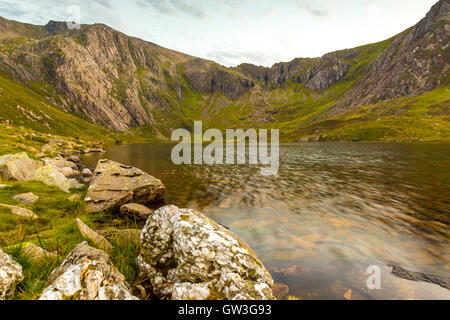 Llyn Idwal lake SNowdonia National Park Wales lies within Cwm Idwal in the Glyderau mountains of Snowdonia Stock Photo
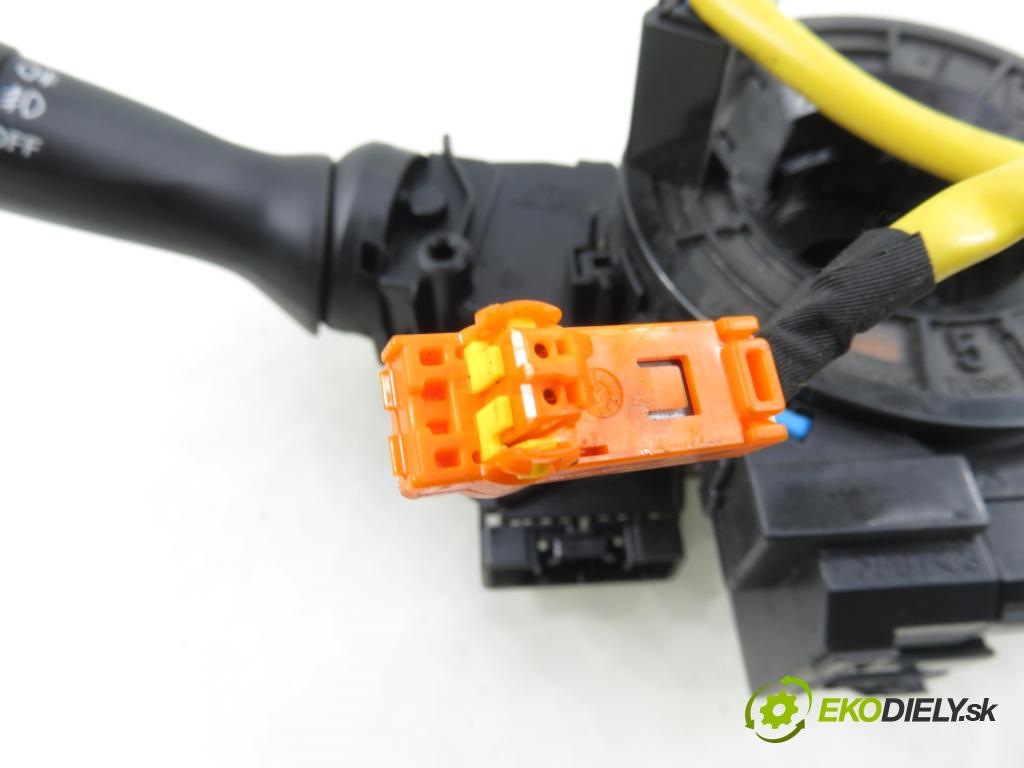 TOYOTA AURIS (_E15_) HB 2007 91,00 1.6 Dual-VVTi 124 - 1ZR-FE 1598,00 páčka/prepínač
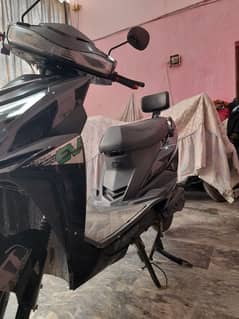 electric scooty bike yj future azadi model 5 months used only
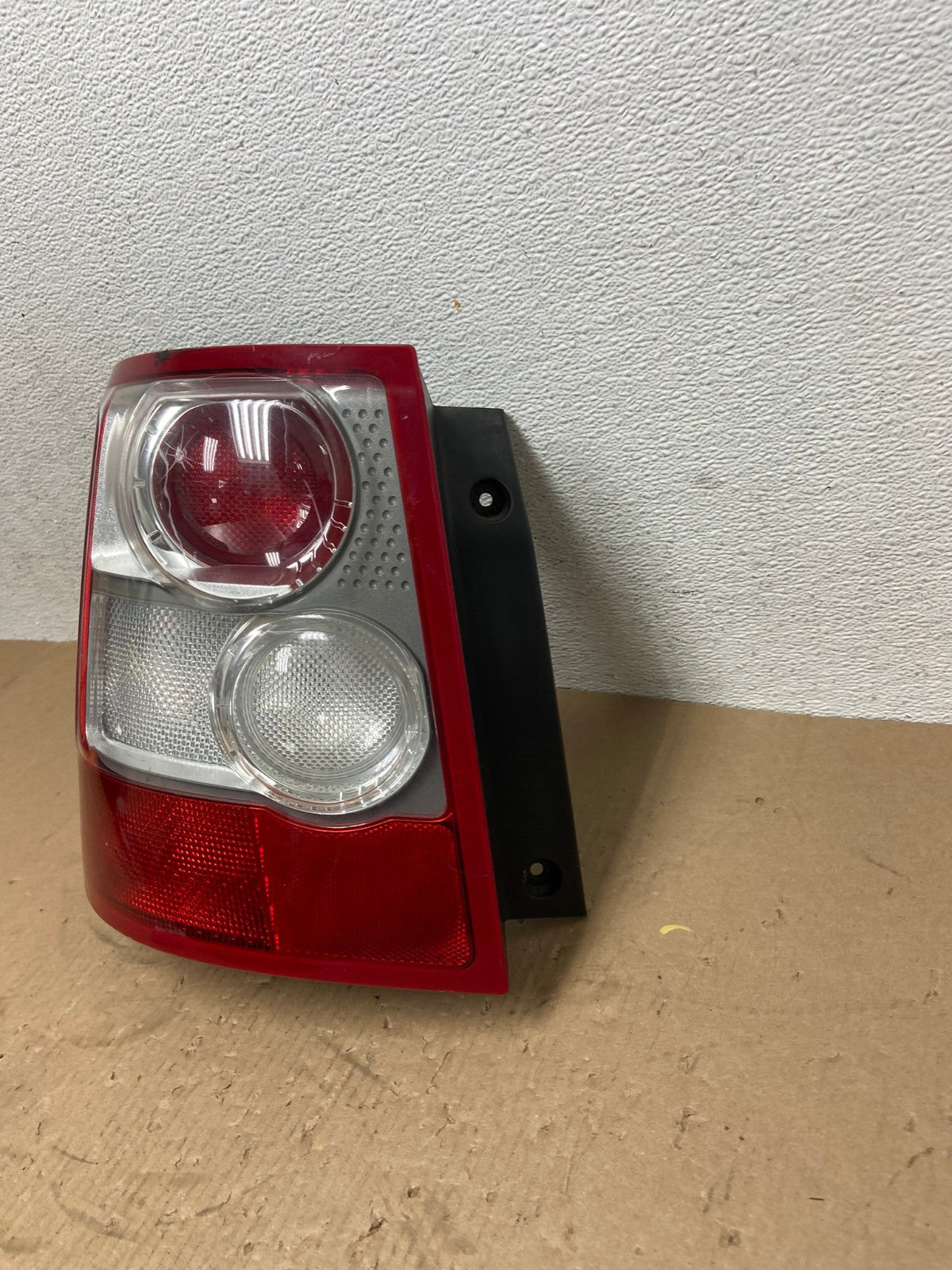 2006 - 2009 Land Rover Range Rover L320 Left Driver LH Tail Light AD7776 LK1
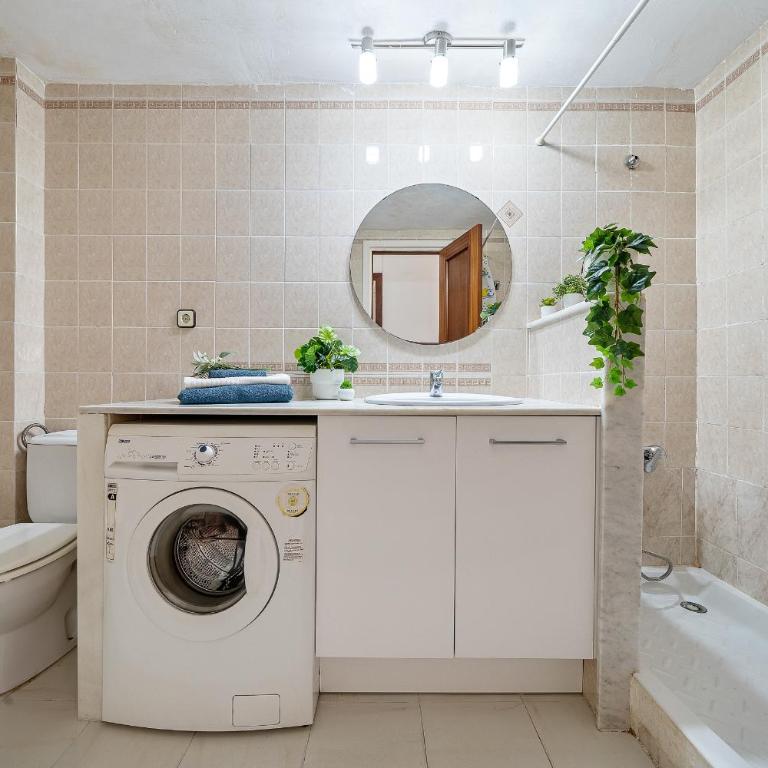 Paradis Park Apartments - One-Bedroom Apartment - 11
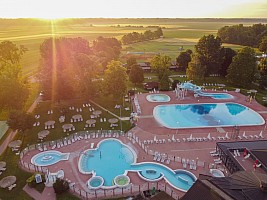 Zeleni Gaj Hotel Terme Banovci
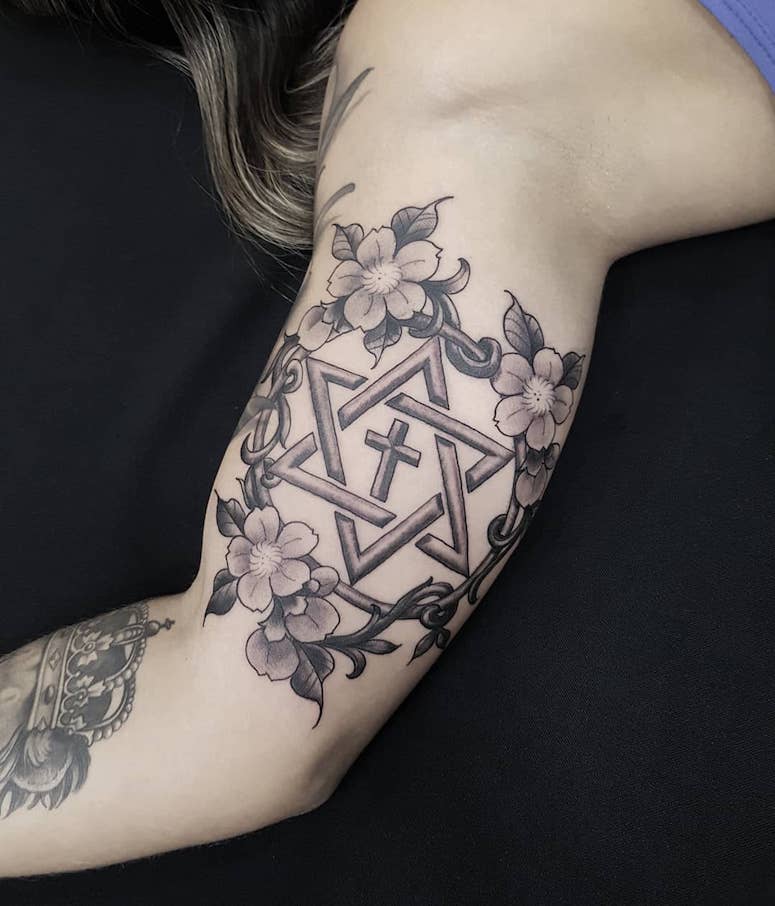 tattoo feminin etoile 02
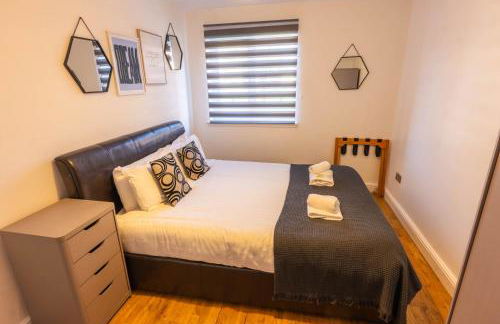 Paisley with Parking & Balcony - Pass the Keys - Foto 28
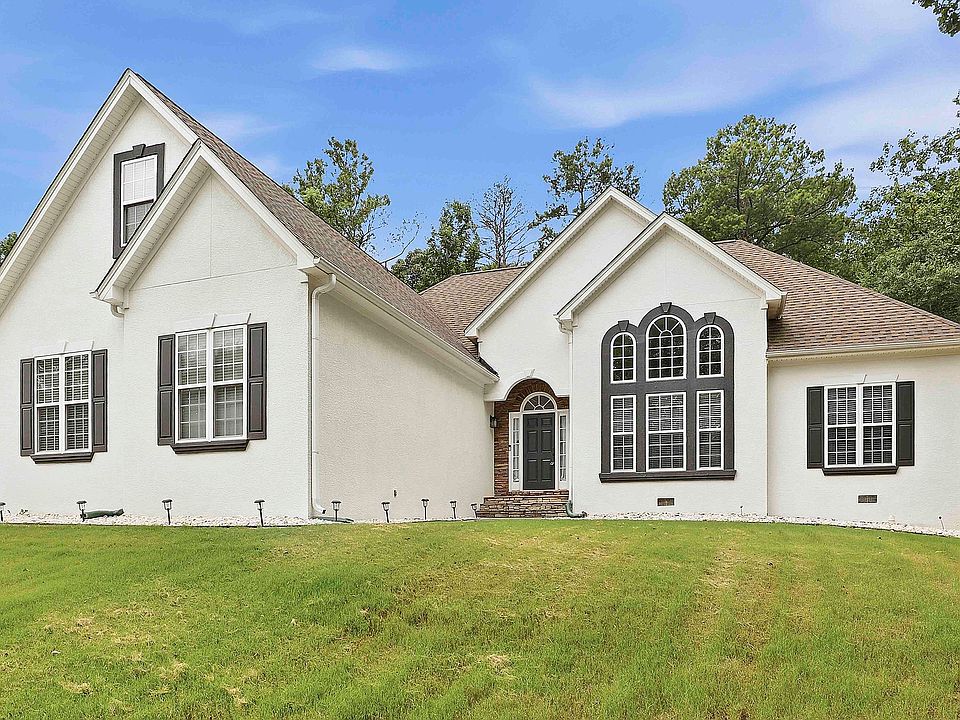 1st image of 110 Lyndhurst Way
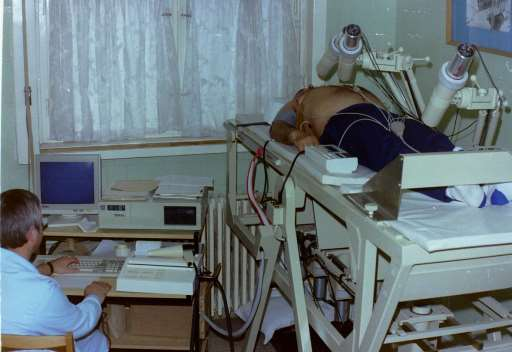 Myocardiális perfusio változása: 1. Nyugalomban VÁLTOZÓ IRÁNYÚ GRAVITÁCIÓS TERHELÉS BILLENŐ ASZTALON Talliumklorid izotóp Tl-201 perfúziós scintigraphia 2.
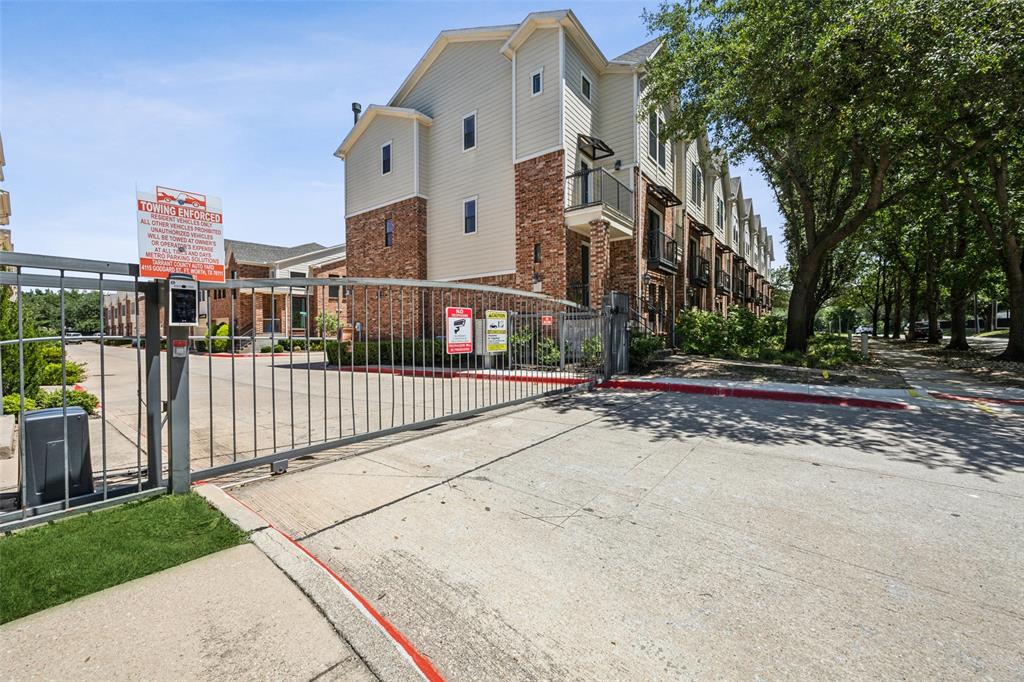 6116 Portrush Drive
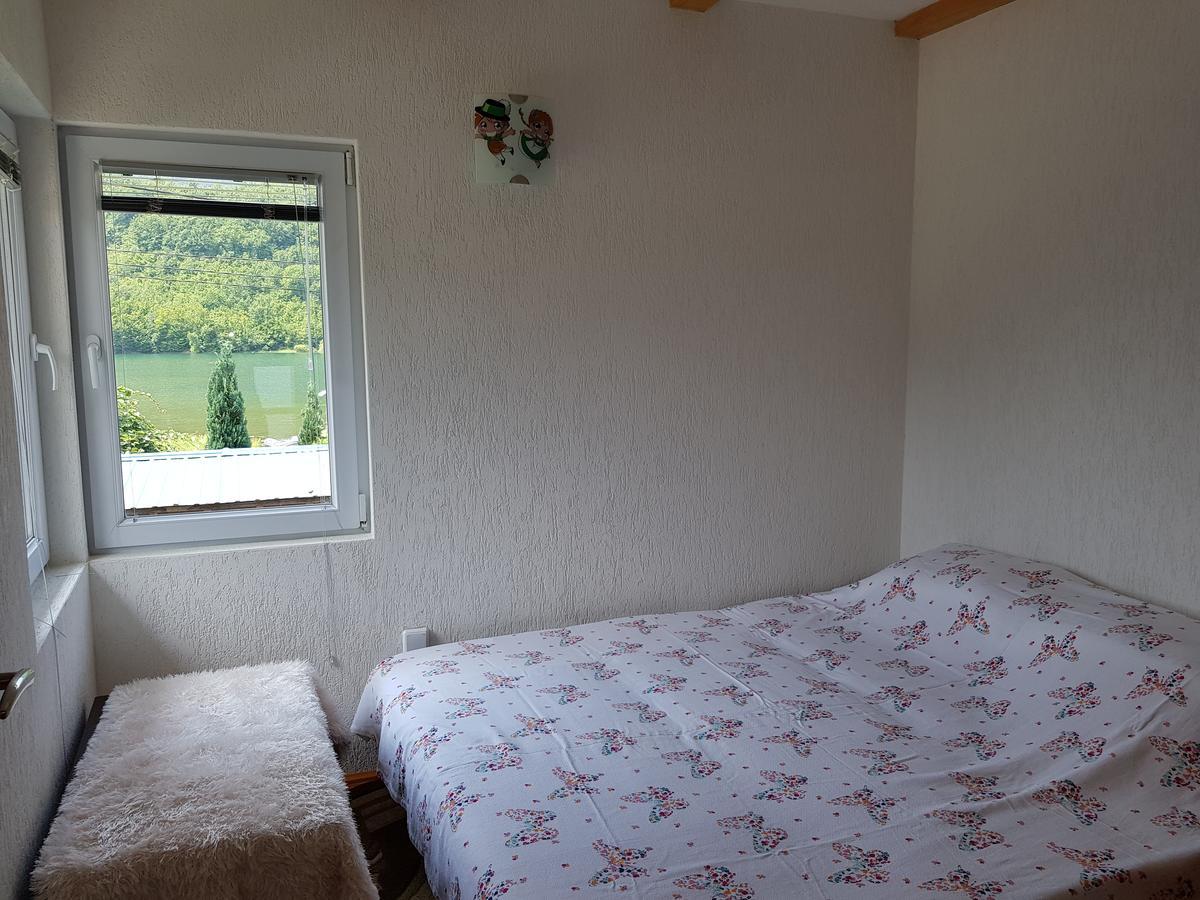 קונייץ' Lakeview Rest Home מראה חיצוני תמונה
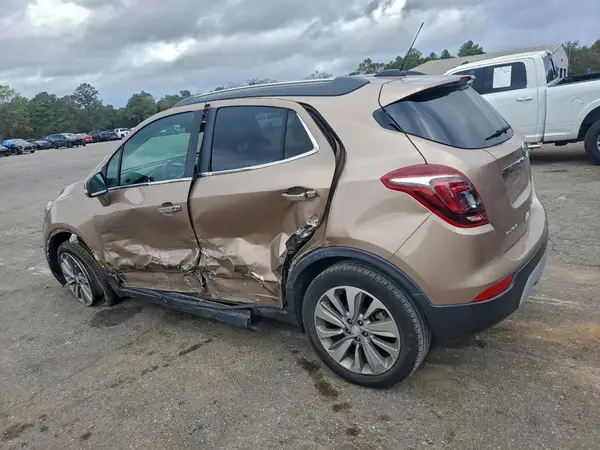 KL4CJASB4JB694318 2018 BUICK ENCORE - Image 2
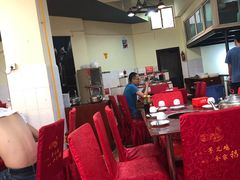 大堂-佘记全家福芋儿鸡(向阳街总店)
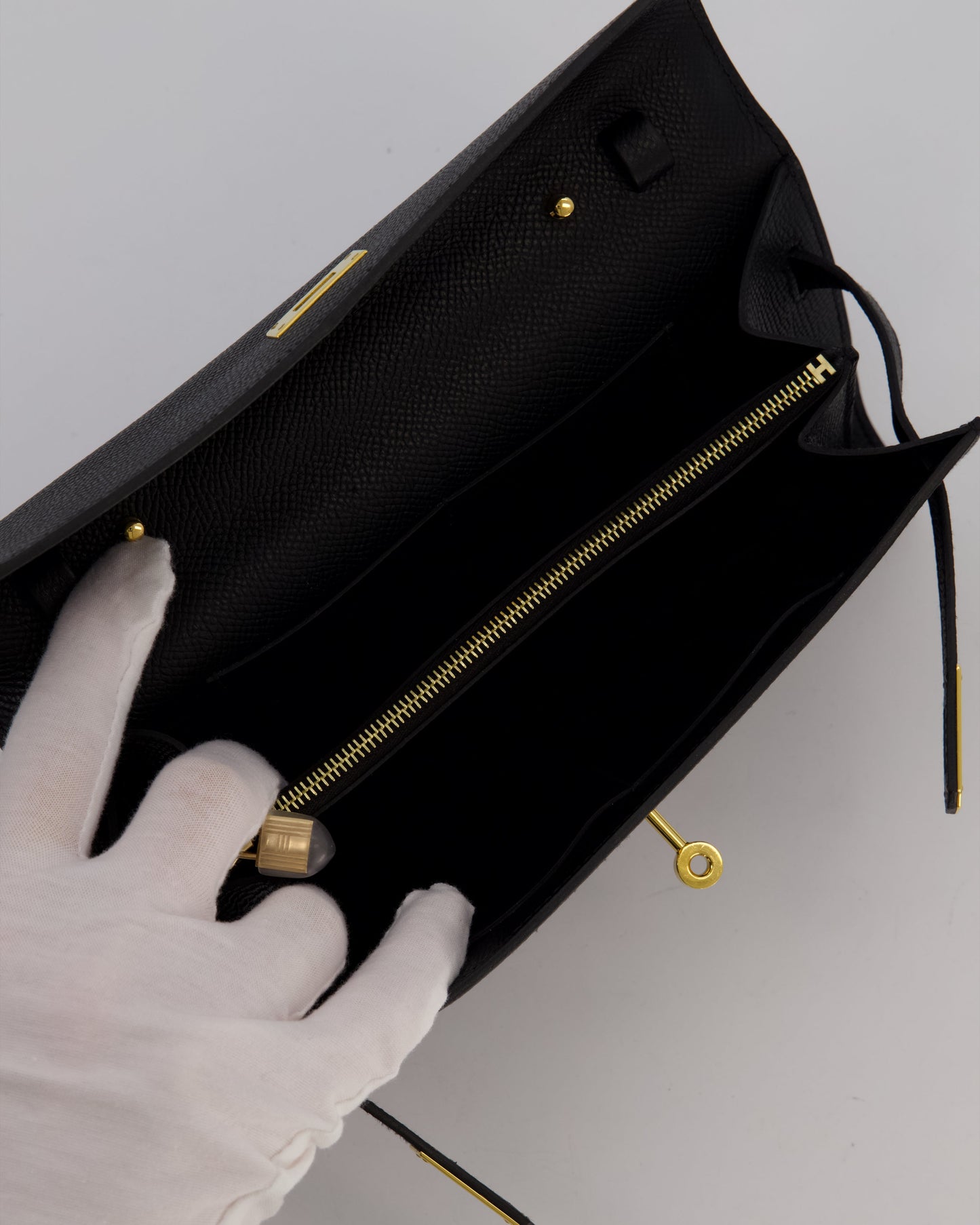 Hermès Kelly To Go Bag in Noir Epsom Leather with Gold Hardware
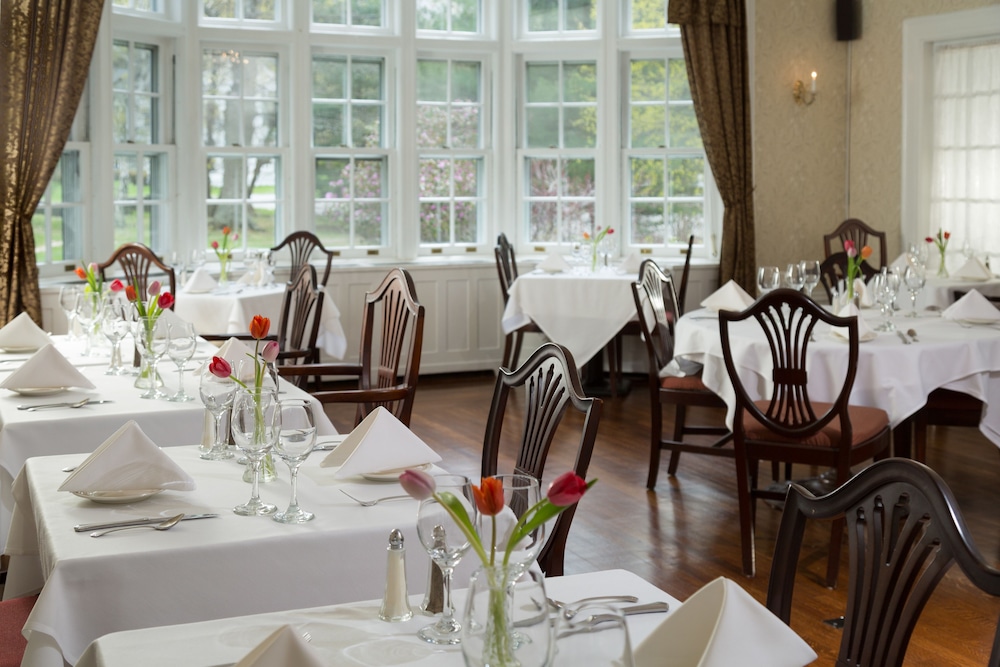 The Four Chimneys Inn 29/50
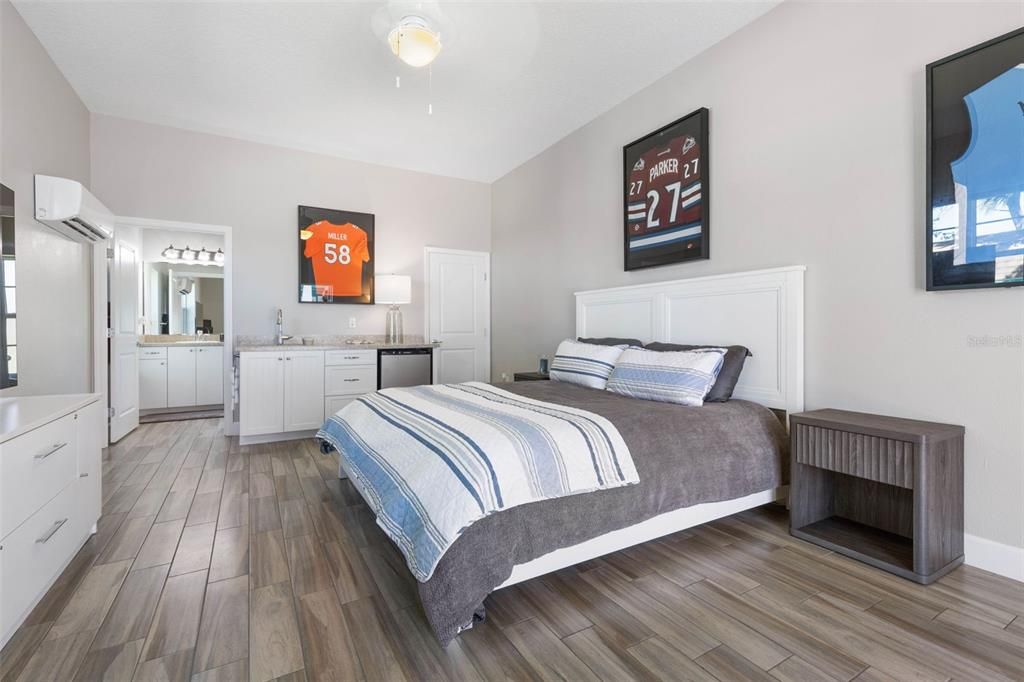 En Venta: $2,775,000 (5 camas, 4 baños, 4619 Pies cuadrados)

**********

- _TASK ITEM_
Exclude the pictures and write out exactly the lines from the one holding "6116 Portrush Drive" through the end of the entries, inclusive, and only those.

- _FINISHED TASK_
 6116 Portrush Drive
 קונייץ' Lakeview Rest Home מראה חיצוני תמונה
 KL4CJASB4JB694318 2018 BUICK ENCORE - Image 2
 大堂-佘记全家福芋儿鸡(向阳街总店)
 Hermès Kelly To Go Bag in Noir Epsom Leather with Gold Hardware
 The Four Chimneys Inn 29/50
 En Venta: $2,775,000 (5 camas, 4 baños, 4619 Pies cuadrados)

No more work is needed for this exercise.